It is a well-established concept that 2D:4D once established in utero around the 14th–15th week of gestation remains fairly stable throughout life;[11],[13] however, it is not immediately clear why 2D:4D in this study was observed to be significantly higher in urban than in rural participants. It is, however, possible that certain environmental factors peculiar to urban or rural settlements actually influence the embryonic development of the digit resulting in the formation of urban or rural 2D:4D variant that manifest in later life. This impression is strengthened by reports in the literature where 2D:4D is documented to vary due to environmental influence.[30] Furthermore, many body traits which were reported to be strong correlates of 2D:4D such as body adiposity indices (BMI, WC, WHR)[23],[24],[25] and blood pressure [27] were similarly reported to be significantly higher among urban dwellers when compared to rural settlers.[4],[6],[33] This may partly explain why 2D:4D was observed to be higher in the urban dwellers of the present study. In addition, the embryonic development of digit length and digit ratio has been linked to HoxA and HoxB genes as key players.[38],[39] These genes are responsible for sexual differentiation in the developing embryo and by extension the production of sex hormones (testosterone and progesterone), which in turn determines the digit length, and thus, the digit ratio.[38],[39]

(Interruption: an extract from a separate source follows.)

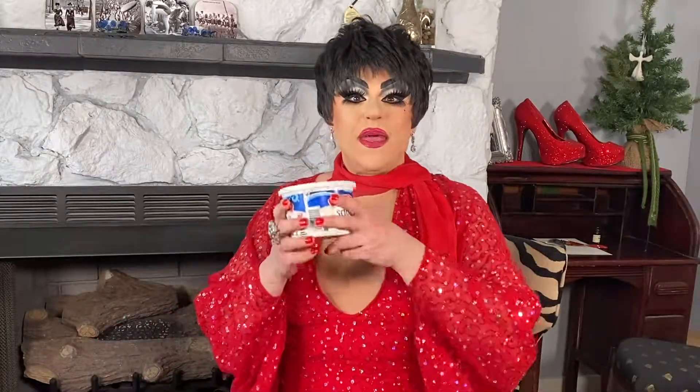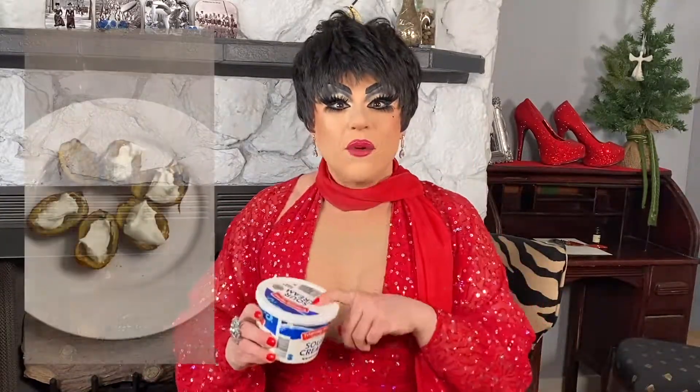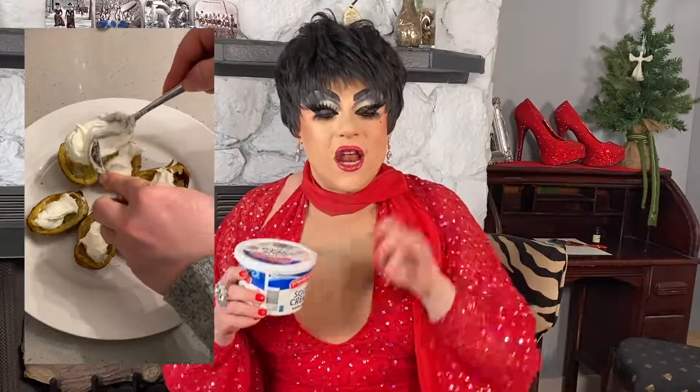Next, you're gonna add a big old dollop of sour cream right on the top of the potato shell. Oh my goodness. Now, you want to make sure that you've let the potato shells cool, so your sour cream doesn't melt everywhere. Because then it wouldn't be sour cream — it would just be sour milk, and that doesn't sound delicious at all.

The tendency to have a high blood pressure and to accumulate excessive body fat indicated by BMI, WC, and WHR like 2D:4D has genetic susceptibility,[40],[41] and since testosterone, the principal determinant of digit length and digit ratio plays a role in body fat distribution,[42] it can be speculated that certain environmental factors peculiar to urban or rural dwelling may enhance the formation of a genetic variant manifesting morphologically in the digit ratio and body adiposity measures and functionally in the blood pressure. This may lend support to the observation in this study that 2D:4D and blood pressure were significantly higher among the urban participants.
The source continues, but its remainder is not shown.